A côté des jeunes l'on met parfois en avant les marginaux. Ils ne vivent pas comme tout le monde, peut-être sont-ils l'avenir ? Là encore il y a incapacité è comprendre que la révolution puisse et doive surgir du sein même du système. Il y a incapacité à comprendre dialectiquement ce qu'est le prolétariat. Il y a illusion sur le degré d'indépendance des marginaux à l'égard du système.

Le capital aurait-il lui-même aboli les classes sociales en prenant la révolution de vitesse ? Il y a longtemps que l'on prétend que la révolution bourgeoise a enfin permis à tous les hommes d'être égaux.

La division de la société en classes se porte bien. Elle n'a peut-être jamais été aussi accentuée, même si jamais de tels moyens n'ont été mis en service pour la faire oublier.

Certes le capital est une force impersonnelle. Certes tous subissent plus ou moins ses effets. Pauvres bourgeois qui s'épuisent au travail, se disputent avec leurs enfants, respirent un air malsain !

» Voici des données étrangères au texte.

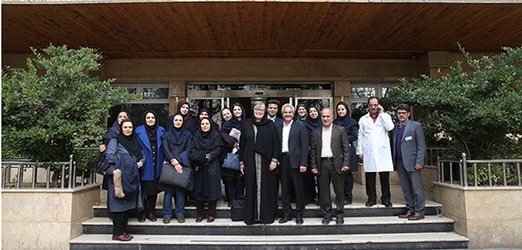 ارزیابی مثبت مشاور بین المللی شیرمادر از روند آموزش شیرهی به مادران در بیمارستان شهدای تجریش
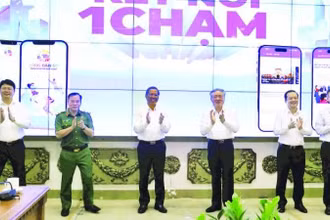 Đại diện lãnh đạo Chính phủ và Thành phố Hồ Chí Minh thực hiện nghi thức ra mắt "Ứng dụng công dân số".
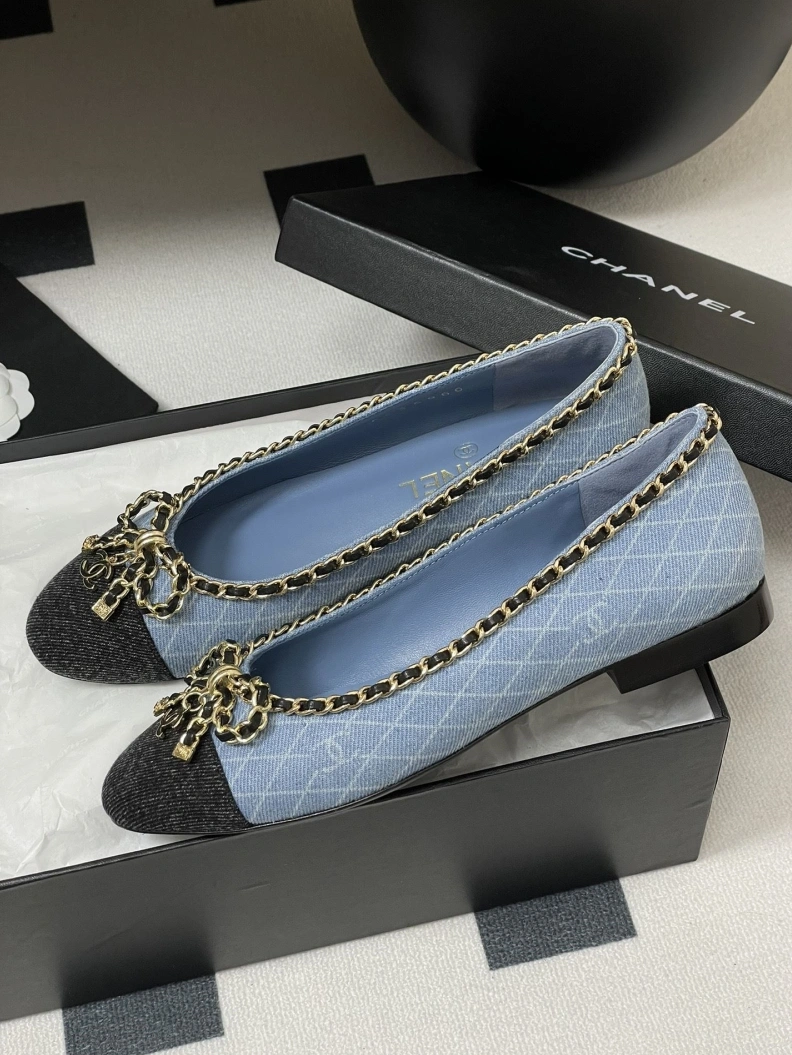 Refined Chxnxl Flat Shoes 119405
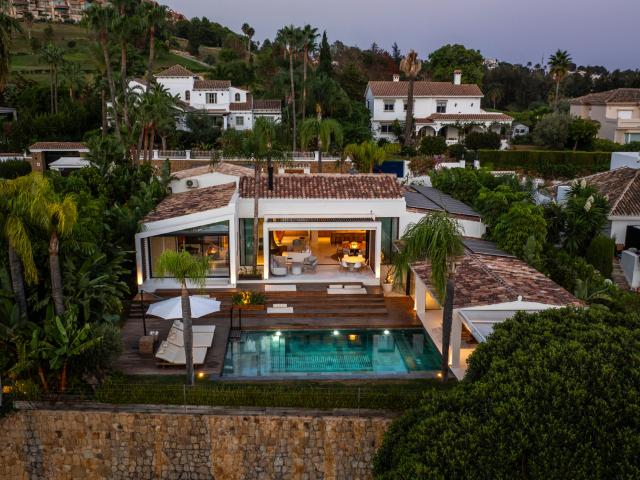 Exclusiva Villa en Primera Línea de Golf con Piscina Climatizada y Vistas Panorámicas en Nueva Andalucía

Les effets du capital, certains ont plus que d'autres la possibilité d'y remédier. La différence des conditions de vie est aujourd'hui considérablement développée. Les possibilités de diversifier les produits, le développement du commerce ont fait que certaines couches de la population ont un niveau et une qualité de vie bien différente et supérieure à celle de leurs contemporains. Peut-être bien que les bourgeois ne sont pas les plus heureux. Ils peuvent au moins cesser d'être des bourgeois. L'inverse n'est pas possible pour les cantonniers. Si même les bourgeois ne sont pas contents de leur mode de vie c'est une raison de plus pour abolir cette classe et sa société.

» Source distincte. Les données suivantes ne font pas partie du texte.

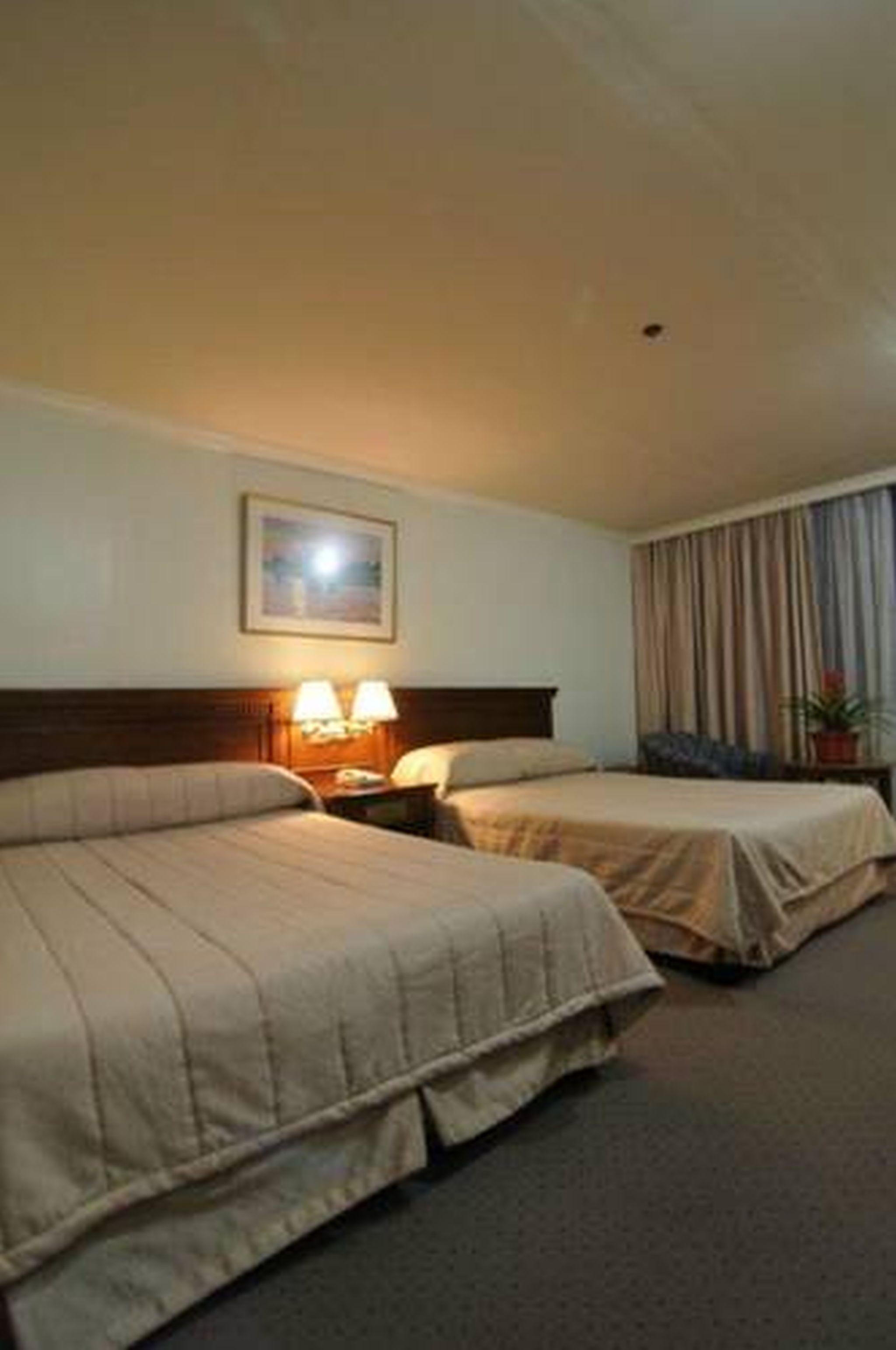 Tiara Oriental Hotel Makati City Extérieur photo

La bourgeoisie ne parade pas. Elle laisse ça à quelques parvenue. Il n'est pas dans son intérêt de trop étaler le mode de vie qu'elle mène à l'abri de ses datchas et de ses plagies privées. Les prolétaires ont pour habitude de surestimer les revenus des couches sociales qui leur sont proches et de surestimer ceux des vrais bourgeois.

Les bourgeois auraient-ils un mode de vie austère et frugal que cela ne les ferait pas disparaître en tant que classe. Ce qui compte c'est d'abord leur fonction économique et sociale. Leur revenu y est évidemment directement lié. Une partie de leur consommation, y compris dans les pays de l'ouest, se confond avec des dépenses d'affaires. L'on voyage, l'on dîne, l'on baise pour et sur le compte de son entreprise.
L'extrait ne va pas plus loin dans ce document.